• Problem statement:
Your reply must hold the lines from the one containing "White Maxi Cowl-Neck" to the end of the entries, copied exactly, with pictures excluded.
BEGIN
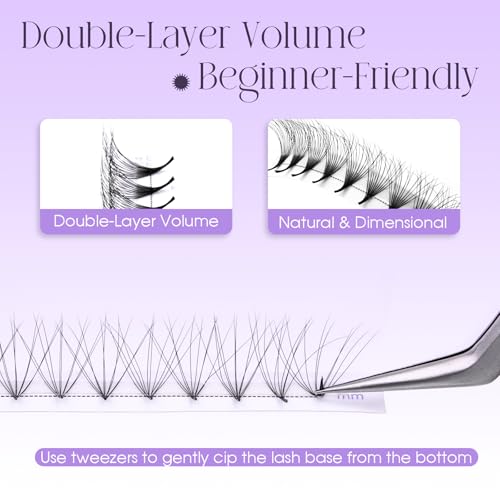 Premade Lash Fans Double Layers 0.07 D Curl Volume Pre Made Fans Eyelash Extensions 10D Thickness Fluffy Premade Easy Fan Lashes (10D-0.07D-9mm)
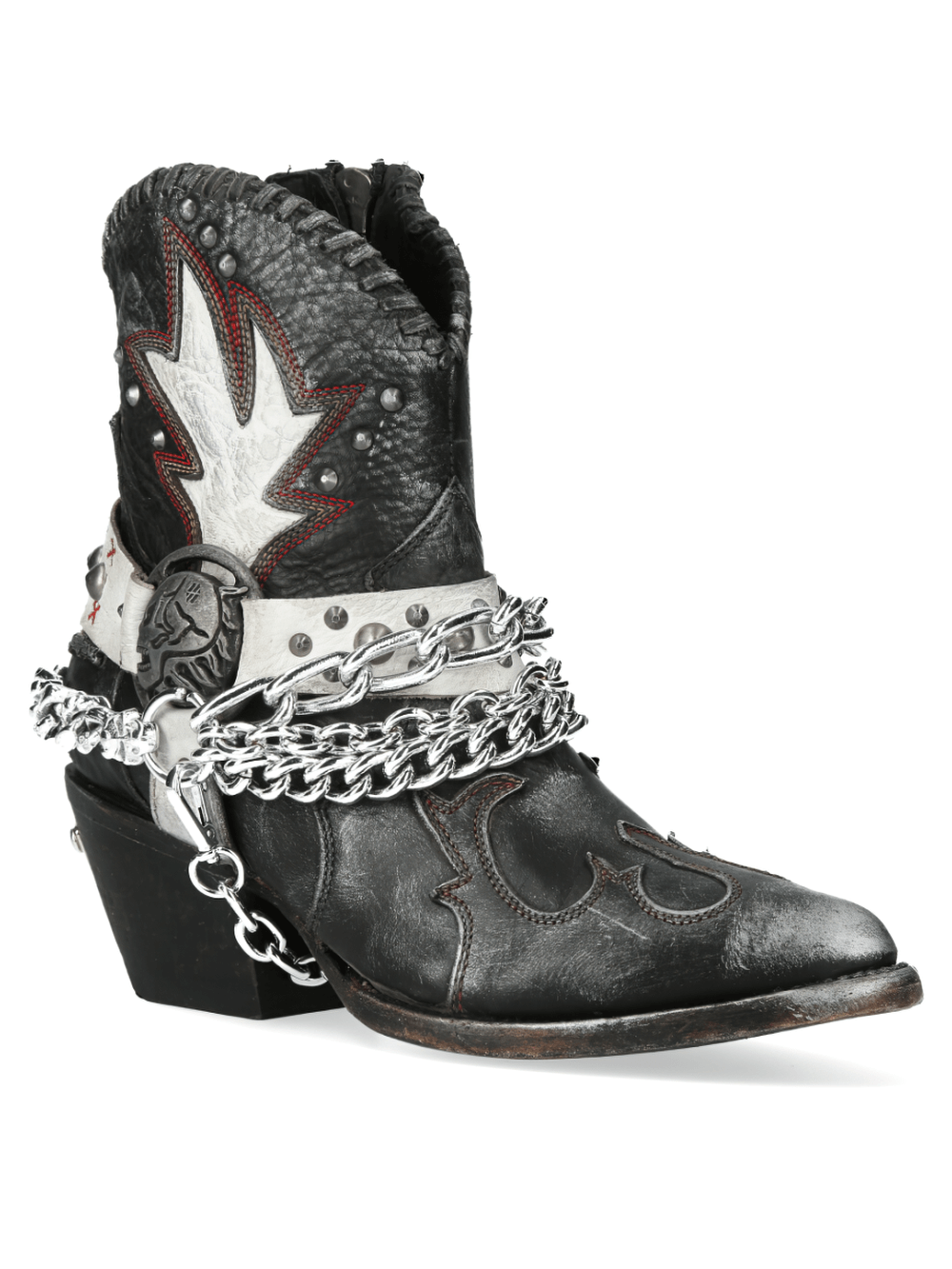 NEW ROCK Black and White Western Biker Boots with Chains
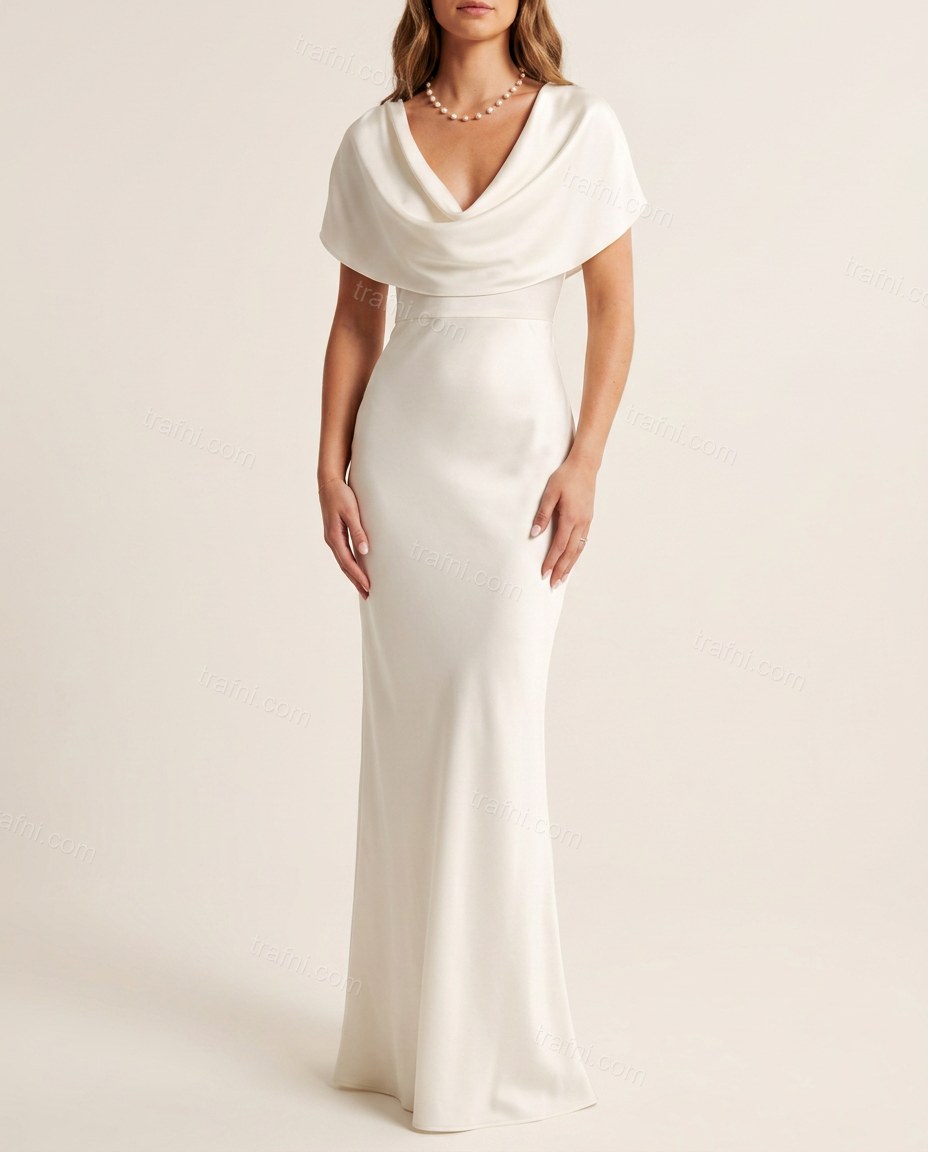 White Maxi Cowl-Neck Satin Dress, front studio view, by trafni.com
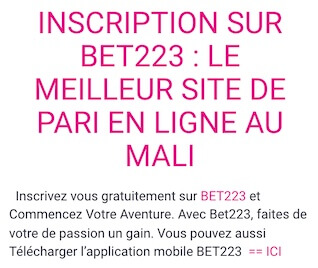 creer un compte bet223 mali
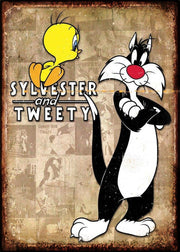 SYLVESTER AND TWEETY Retro/ Vintage Tin Metal Sign Man Cave, Wall Home Decor, Shed-Garage, and Bar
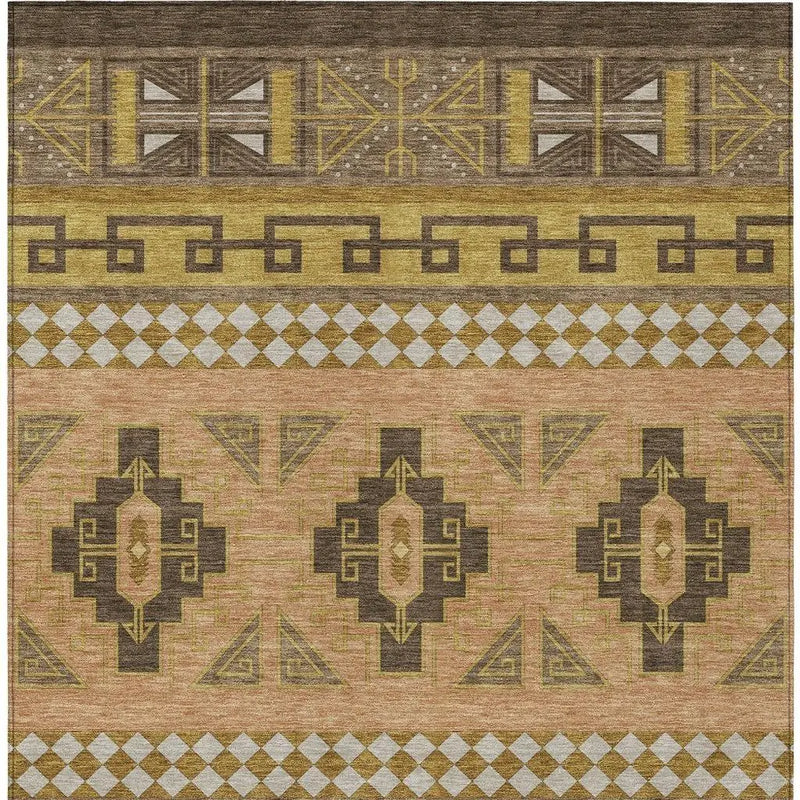 10' X 14' Chocolate And Olive Green Tribal Washable Indoor Outdoor Area Rug Homeroots Outdoor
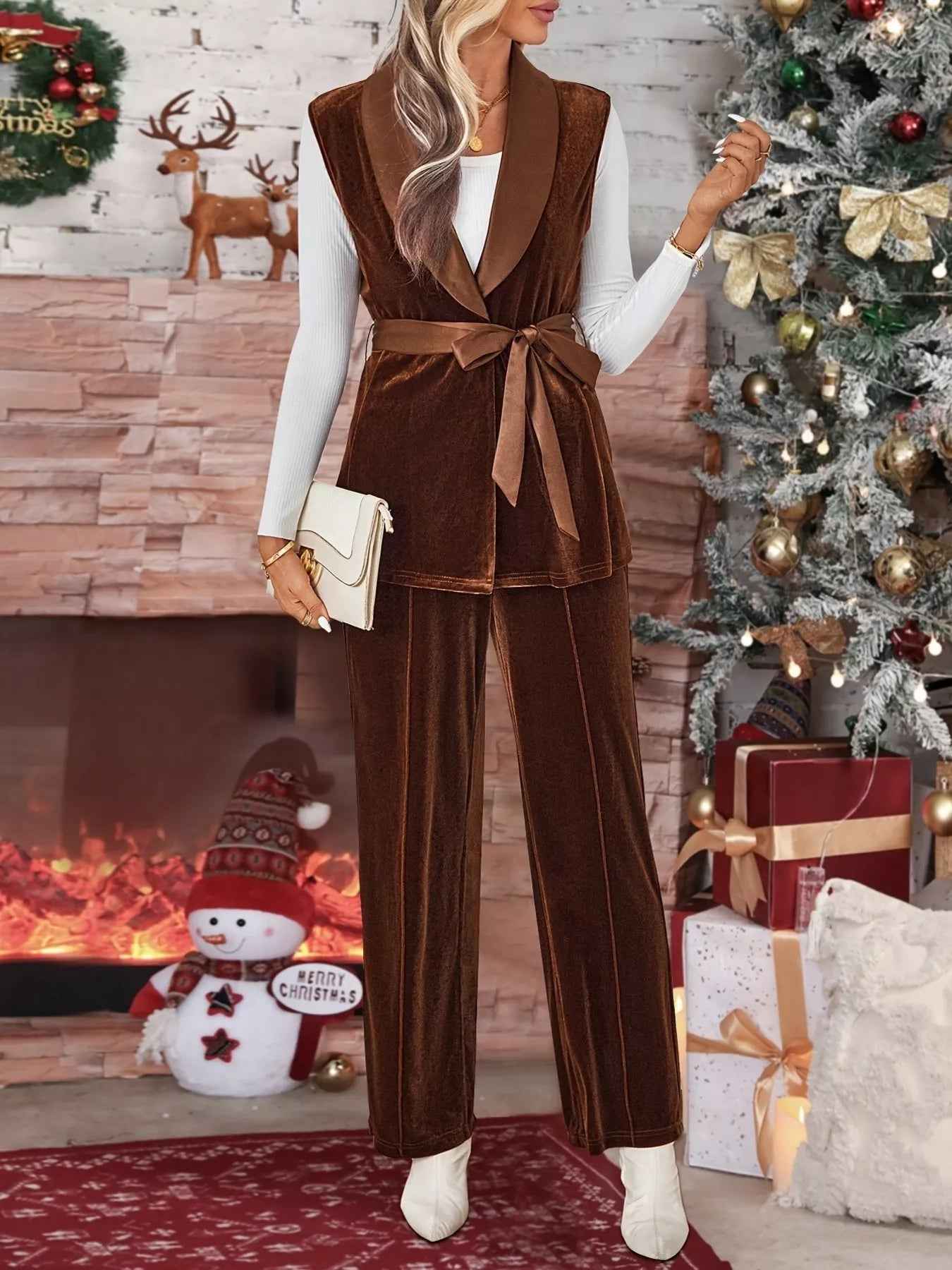 Velvet Two-Piece Set - Tie Waist Vest & Wide Leg Pants - Fashions Envy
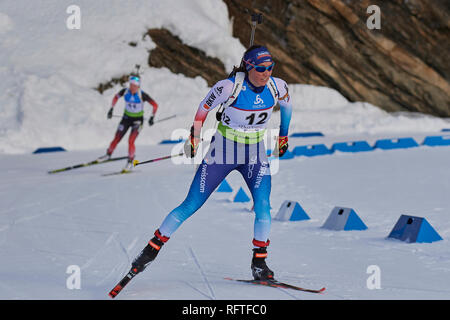 Lenzerheide, Svizzera. 26 gen, 2019. Selina Gasparin durante il 2019 Biathlon IBU Cup femminile 10 km inseguimento concorrenza a Lenzerheide. Credito: Rolf Simeone/Alamy Live News Foto Stock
END
• Answer space:
 White Maxi Cowl-Neck Satin Dress, front studio view, by trafni.com
 creer un compte bet223 mali
 SYLVESTER AND TWEETY Retro/ Vintage Tin Metal Sign Man Cave, Wall Home Decor, Shed-Garage, and Bar
 10' X 14' Chocolate And Olive Green Tribal Washable Indoor Outdoor Area Rug Homeroots Outdoor
 Velvet Two-Piece Set - Tie Waist Vest & Wide Leg Pants - Fashions Envy
 Lenzerheide, Svizzera. 26 gen, 2019. Selina Gasparin durante il 2019 Biathlon IBU Cup femminile 10 km inseguimento concorrenza a Lenzerheide. Credito: Rolf Simeone/Alamy Live News Foto Stock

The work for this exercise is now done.